Yucca schidigera is a small evergreen tree growing to 5 m tall, with a dense crown of spirally arranged bayonet-like leaves on top of a conspicuous basal trunk. The bark is gray-brown, being covered with brown dead leaves near the top, becoming irregularly rough and scaly-to-ridged closer to the ground. The leaves are 30–150 cm long and 4–11 cm broad at the base, concavo-convex, thick, very rigid, and yellow-green to blue-green in color.

The flowers are white, sometimes with a purple tinge, 3–5 cm long (rarely to 7.5 cm), bell-shaped and segmented into six parts; they are produced in a compact, bulbous cluster 60–120 cm tall at the top of the stem. The fruit is an elongate berry, up to 11.5 cm long.

== Distribution and habitat ==
Yucca schidigera is native to Arizona, Baja California, California, Nevada, and Utah. It is found in the southernmost part of Nevada, in Washington County in Utah, and the northwestern part of Arizona.

It is most common in the Mojave Desert, but is also widespread in the Sonoran Desert and west to the Pacific coast of southern California and into Baja California. Y. schidigera reaches its southernmost extent in the Baja California desert.

In the coastal part of its range, Y. schidigera usually associates with Adenostoma fasciculatum (chamise).

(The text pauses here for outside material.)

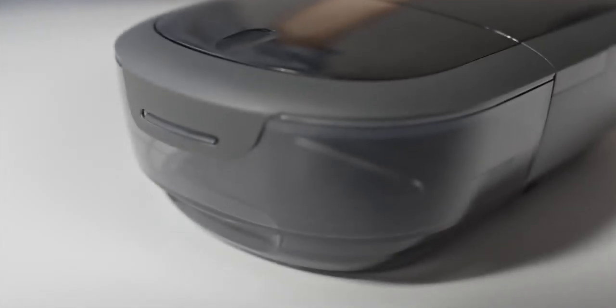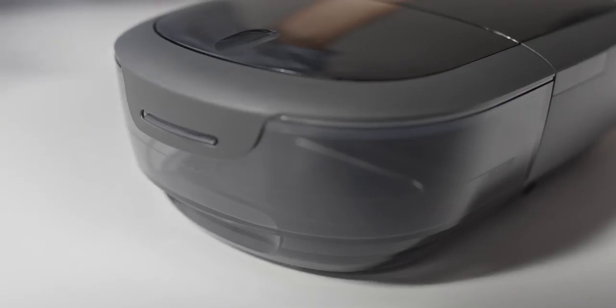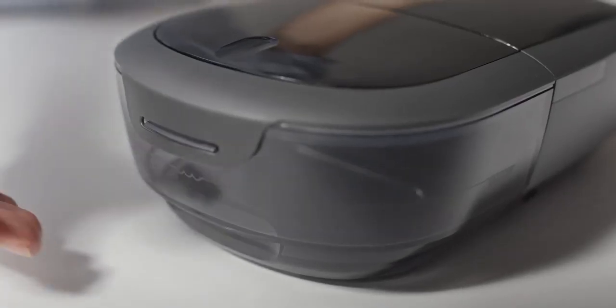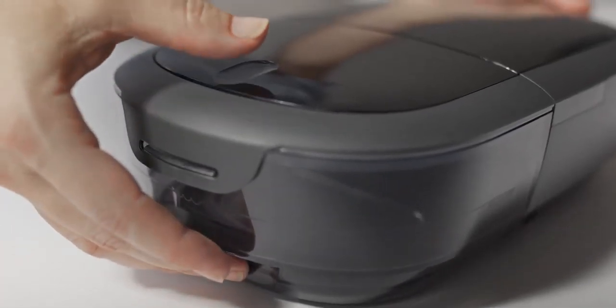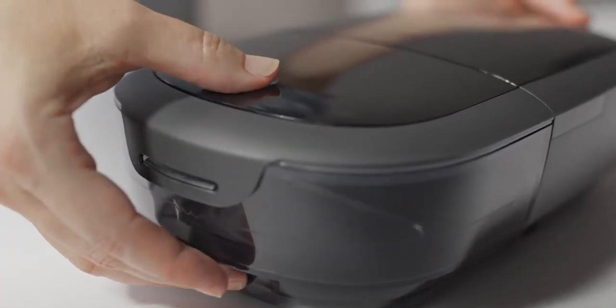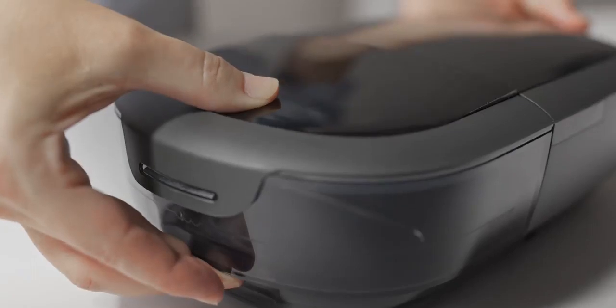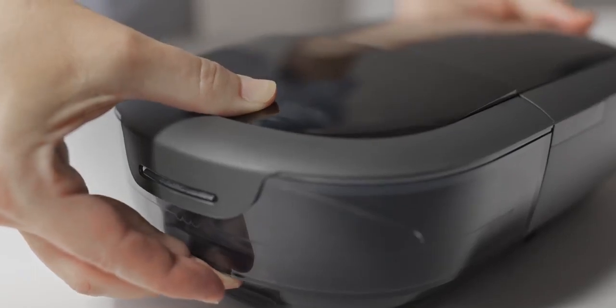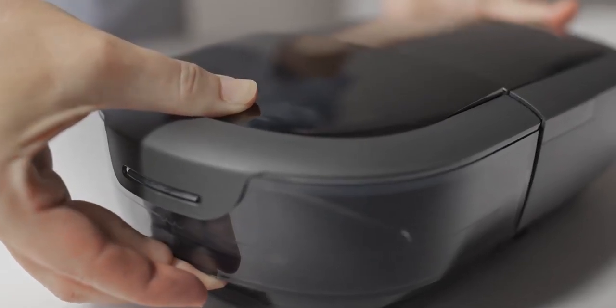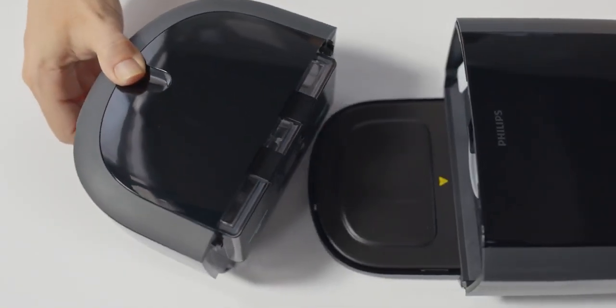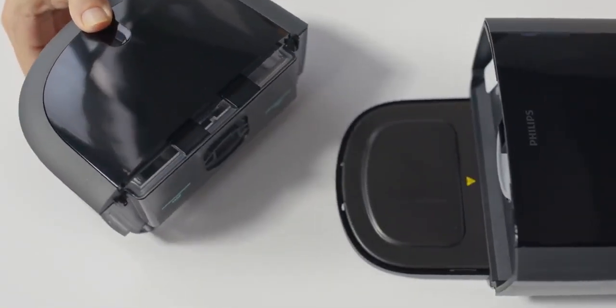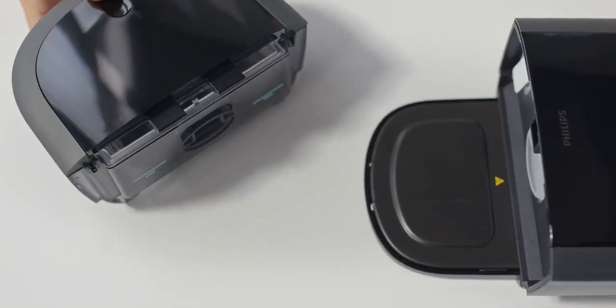If you're using humidification, remove the water tank by gently pressing down on the indent with your thumb to unlatch it. Holding the top and bottom, slide out the water tank. Set it on a firm flat surface.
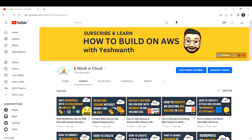Hi everyone, welcome back to my channel. In this video, I'm going to teach you what CloudWatch is and how it is used. This is all theory, and in the next video we are going to have a demonstration on CloudWatch.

This yucca typically grows on rocky desert slopes and creosote desert flats between 300–1200 m altitude, rarely up to 2500 m. They thrive in full sun and in soil with excellent drainage. It also needs no summer water. It is related to the banana yucca (Y. baccata), which occurs in the same general area; hybrids between the two are sometimes found.

== Fire ecology ==

Post fire, the Mojave yucca produces sprouts eagerly and the regeneration of the seedlings is witnessed. The fire regime is defined predominantly by heavy crop vegetation that take part in carrying the fire in the ecosystem. Over time, the invasive species that have been introduced to the ecosystem, such as grasses, have turned more fire tolerant, increasing the fire frequency and altering the fire regime that existed in the past.

Early accounts describe the flora of the Mojave Desert as arid grassland and shrubland communities. This ecosystem depended on winter precipitation. Y. schidigera was tolerant of this fire regime and rarely harmed. However, the introduction of nonnative grasses led to a higher frequency of fire, which decreased the survival rate of Y. schidigera.

== Uses ==
Moths gather pollen from the flowers and deposit it on the stigma of a flower, the ovary of which they lay their eggs in; the larvae eat of the fruit capsule as it grows, but leave behind some seeds to develop into fruit.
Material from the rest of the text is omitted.